工事進行基準に備えるには?

投稿日:2008年05月01日 作成者:yasunaka

ちょっと前に工事進行基準の話に触れましたが、正直なところ、実務的なところがまだよくわかっていません。特に

■赤字プロジェクトの予定見積総原価の見直しはいつ行う?

■仕様変更による収益の変更管理はどうすべき?

などなど、実際にやってみないとよくわからないことだらけです。

仕様変更は、あらかじめバッファというか費用のプールを用意しておいて、期間内で発生する仕様変更をそのプールから取り崩して行う場合が多いと思いますが、その場合でも1件1件きちんと収益管理していくことが求められそうです。現場はその都度正確な見積もりを作って計上し、管理していかなければならないので、これだけで大変なことになると思います。

また要件のベースライン管理も重要になってきます。どこまで要件の範囲か、ということをきっちり詰めなければならないからです。

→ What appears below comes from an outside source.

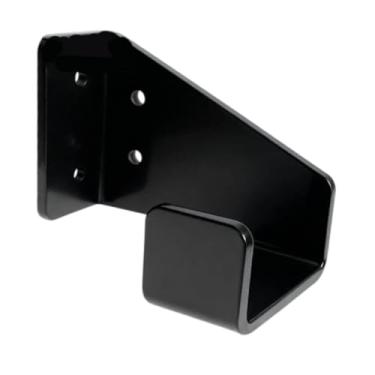 Imagem de SiaBiced Suporte de Parede para Cabide Resistente para Aparador de Cordas, Armazém, Preto, Tamanho real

こうなってくると、要件に対して実現(実装)方法がいくつか考えられるような場合、お客様にとって一番良い解決方法を探る、ということがやりにくくなったように思えます。やりたいこと=要件に対してその実現(実装)方法は1つではありません。それを要件定義段階で事細かに指定しなかった場合には、たとえ多少難がある場合でも要件を満たしてさえいればそれで押し切ってしまう(お客様からみれば押し切られてしまう)ケースが多くなるのではないでしょうか?

結局、システム開発においては準委任契約で行える上流工程の比重が増し、単なる開発工程が圧縮される形になるのかもしれません。

またこの形態が一般化すると、開発工程のオフショア化が一層進展する可能性もあるかもしれません。日本国内では準委任契約の工程のみを行い、開発工程はオフショアで行う、といった感じです。今まではオフショア開発で行う場合、いちいち事細かに要件を定義しなければその通りに作ってくれないという部分があったと思いますが、これからは国内でもそうしなければならなくなる、ということになり、国内での開発メリットが低下することが予想されます。

一方で、受託業務ではアジャイル開発はかなり難しくなりそうですね。研究開発的な要素の大きい自社のパッケージ開発のような場合でないとアジャイル的な仕事の進め方はできなくなってしまうのではないでしょうか?